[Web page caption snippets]
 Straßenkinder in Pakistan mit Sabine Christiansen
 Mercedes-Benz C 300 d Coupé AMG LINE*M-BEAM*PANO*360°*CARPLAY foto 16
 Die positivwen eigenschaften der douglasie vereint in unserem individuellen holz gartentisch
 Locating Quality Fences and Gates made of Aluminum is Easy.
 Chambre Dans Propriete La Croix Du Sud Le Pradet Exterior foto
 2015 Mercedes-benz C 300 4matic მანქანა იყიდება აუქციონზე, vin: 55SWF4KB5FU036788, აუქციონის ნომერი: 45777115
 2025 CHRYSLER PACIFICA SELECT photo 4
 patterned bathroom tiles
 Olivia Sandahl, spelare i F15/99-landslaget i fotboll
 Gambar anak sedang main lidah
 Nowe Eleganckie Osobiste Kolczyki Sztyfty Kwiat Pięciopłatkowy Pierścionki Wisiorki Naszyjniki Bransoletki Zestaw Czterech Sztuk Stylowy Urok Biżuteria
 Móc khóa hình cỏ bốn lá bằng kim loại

Task instructions> Working down from the line that contains "Locating Quality Fences", retype each line exactly through the last line of the data, and give nothing else.

Finished exercise>
 Locating Quality Fences and Gates made of Aluminum is Easy.
 Chambre Dans Propriete La Croix Du Sud Le Pradet Exterior foto
 2015 Mercedes-benz C 300 4matic მანქანა იყიდება აუქციონზე, vin: 55SWF4KB5FU036788, აუქციონის ნომერი: 45777115
 2025 CHRYSLER PACIFICA SELECT photo 4
 patterned bathroom tiles
 Olivia Sandahl, spelare i F15/99-landslaget i fotboll
 Gambar anak sedang main lidah
 Nowe Eleganckie Osobiste Kolczyki Sztyfty Kwiat Pięciopłatkowy Pierścionki Wisiorki Naszyjniki Bransoletki Zestaw Czterech Sztuk Stylowy Urok Biżuteria
 Móc khóa hình cỏ bốn lá bằng kim loại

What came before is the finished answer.